Strong leaders see opportunities in COVID-19
Today’s environment is like a “sci-fi nightmare” because of COVID-19, said one nonprofit leader at Wipfli’s National Conference Tuesday during a virtual session on the challenges and opportunities in nonprofit leadership.
“This is not the biggest crisis we have faced, it’s the biggest opportunity,” Lipton said. “Changing your mindset helps you go forward. We have an opportunity to go backward or to accelerate changes that were already coming.”
In many ways, they said, the turmoil caused by COVID-19 accelerated changes that were coming – not caused them.
“How many people had a global pandemic and social unrest in their 2020 strategic plans?” Lipton asked. “Plans aren’t perfect. Leaders have to be ready for changes that come hard and fast and in unexpected ways.”
He cited remote work and online collaboration as two trends that were inevitably coming, but fast-tracked when most states shut down earlier this year.
Leadership plays an important role in how well teams accept change. Leaders must find creative ways to deal with difficult situations and keep employees engaged, Lipton said.

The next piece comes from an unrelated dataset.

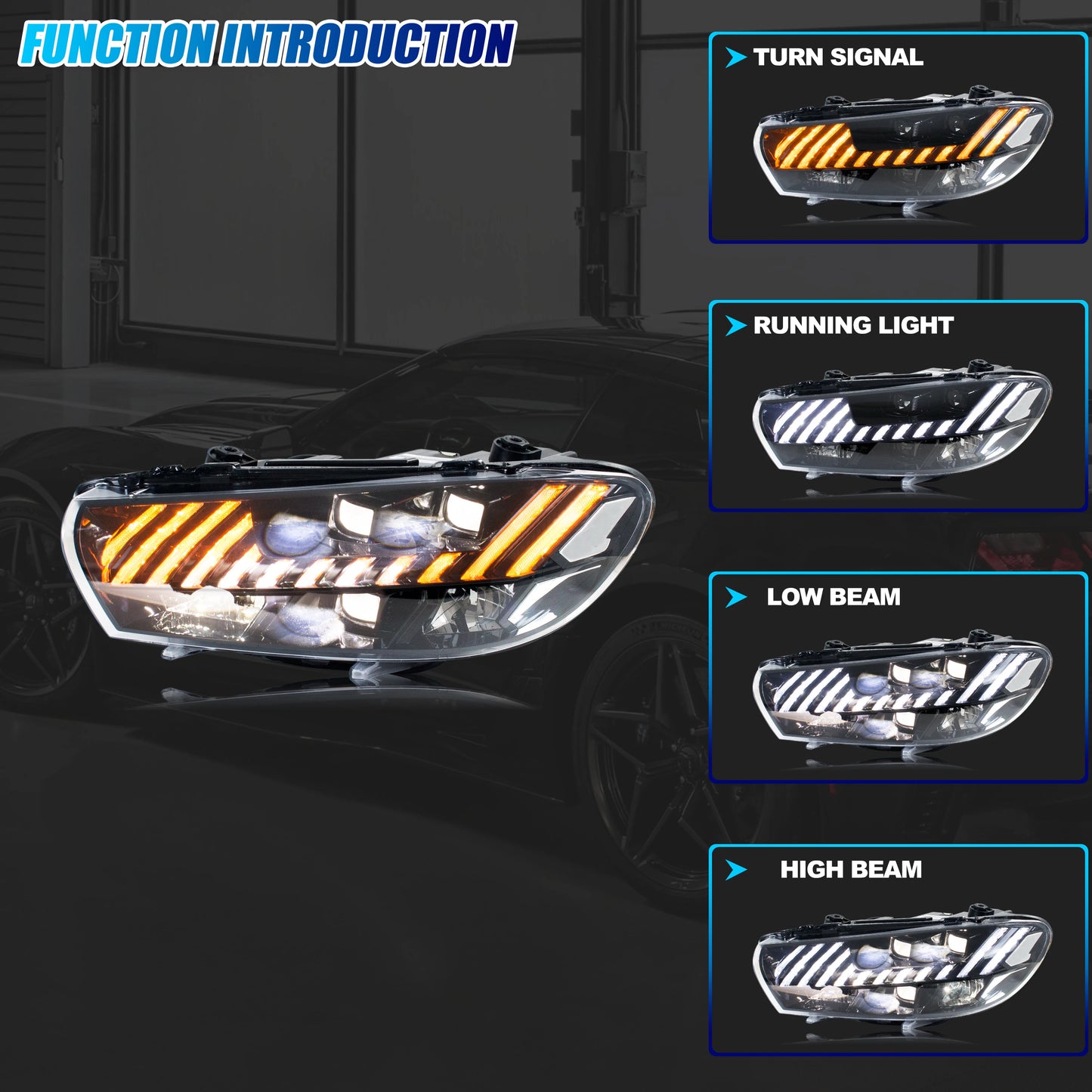 LED Headlights for Volkswagen VW Scirocco 3 TSI TDI R 2009-2017 DRL Projector Sequential Turn Signal Pair Rear Lamps Assembly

They also must embrace new measures of productivity and performance. For example, in today’s business environment, what you create is more valuable than where you sit or how many hours you work.
According to Lipton, great leaders foster seven qualities: vision, courage, integrity, humility, strategic thinking, focus and collaboration.
He encouraged attendees to be brave in different ways. “Try things that might not succeed. Have difficult conversations. Listen, observe and admit when you’re wrong.
“Be brave enough to disagree with someone and share your thinking,” he said. “And know that it’s okay to stop a strategy when it isn’t working.”
Instead of thinking of leadership as a monumental, world-changing job, Lipton encouraged attendees to aim for moments that make a difference – what he called “lollipop moments” based on Drew Dudley’s TEDxToronto talk.
Maintaining a positive focus is just as important, they said. “You can visit pity city, but you can’t move in,” Jelinek said, quoting a mentor.
“Stay focused on what you can do to help your community every day. If you maintain that positive focus, people will follow you,” Lipton said. “Embrace the change that’s been hoisted upon us. You can create new ways to serve your community and use your leadership power to create opportunities for your community, people and organization.”